Gauss-Newton as the Foundation

The gradient and Hessian of $F$ are:

$\nabla F(\theta) = J(\theta)^\top r(\theta), \qquad \nabla^2 F(\theta) = J(\theta)^\top J(\theta) + \sum_{i=1}^N r_i(\theta) \nabla^2 r_i(\theta),$

where $J \in \mathbb{R}^{N \times p}$ is the Jacobian matrix with $J_{ij} = \partial r_i / \partial \theta_j$ .

The Gauss-Newton (GN) approximation drops the second-order term (the sum of $r_i \nabla^2 r_i$ ), giving:

$\nabla^2 F(\theta) \approx J^\top J.$

This is exact when the residuals $r_i$ are small (near the solution). The GN update solves:

$(J^\top J)\, \delta\theta = -J^\top r, \qquad \theta \leftarrow \theta + \delta\theta.$

GN converges quadratically when the residuals are small and the problem is well-conditioned, but fails when $J^\top J$ is singular or ill-conditioned (degenerate directions in parameter space).

The LM Damping Term

Levenberg-Marquardt adds a damping term $\lambda D$ to $J^\top J$ :

$(J^\top J + \lambda D)\, \delta\theta = -J^\top r,$

where $\lambda > 0$ is the damping parameter and $D$ is a diagonal matrix.

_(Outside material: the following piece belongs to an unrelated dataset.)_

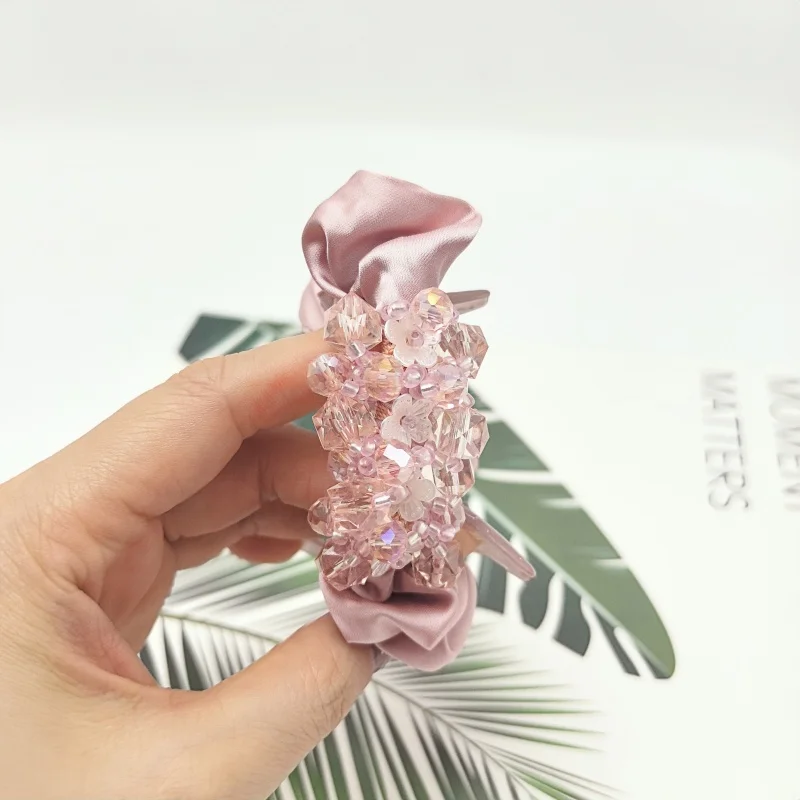 New Arrvial Luxurious Acrylic Flower Scrunchie Hair Tie Satin Crystal Ponytail Holder Fashionable Women Hair Accessories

Two standard choices for $D$ :

Levenberg (1944): $D = I$ (identity). Moves in the steepest-descent direction when $\lambda$ is large.
Marquardt (1963): $D = \mathrm{diag}(J^\top J)$ . Scales each parameter direction by its gradient curvature, making the step invariant to parameter rescaling. This is the standard choice.

Interpolation between GN and gradient descent. When $\lambda \to 0$ : the equation becomes $J^\top J\, \delta\theta = -J^\top r$ , i.e., Gauss-Newton. When $\lambda \to \infty$ : the update becomes $\delta\theta \approx -(\lambda D)^{-1} J^\top r$ , a scaled steepest-descent step. LM adaptively chooses between these extremes.

Geometric Interpretation

The LM step minimises a quadratic approximation to $F$ within a trust region:

$\delta\theta_{\mathrm{LM}} = \arg\min_{\delta\theta} \left\{\tfrac{1}{2}\|J\delta\theta + r\|^2\right\} \quad \text{subject to} \quad \|\delta\theta\| \leq \Delta,$

for some trust-region radius $\Delta$ . The damping $\lambda$ is the Lagrange multiplier for the constraint. Large $\lambda$ corresponds to a small trust region (conservative step); small $\lambda$ allows a large step.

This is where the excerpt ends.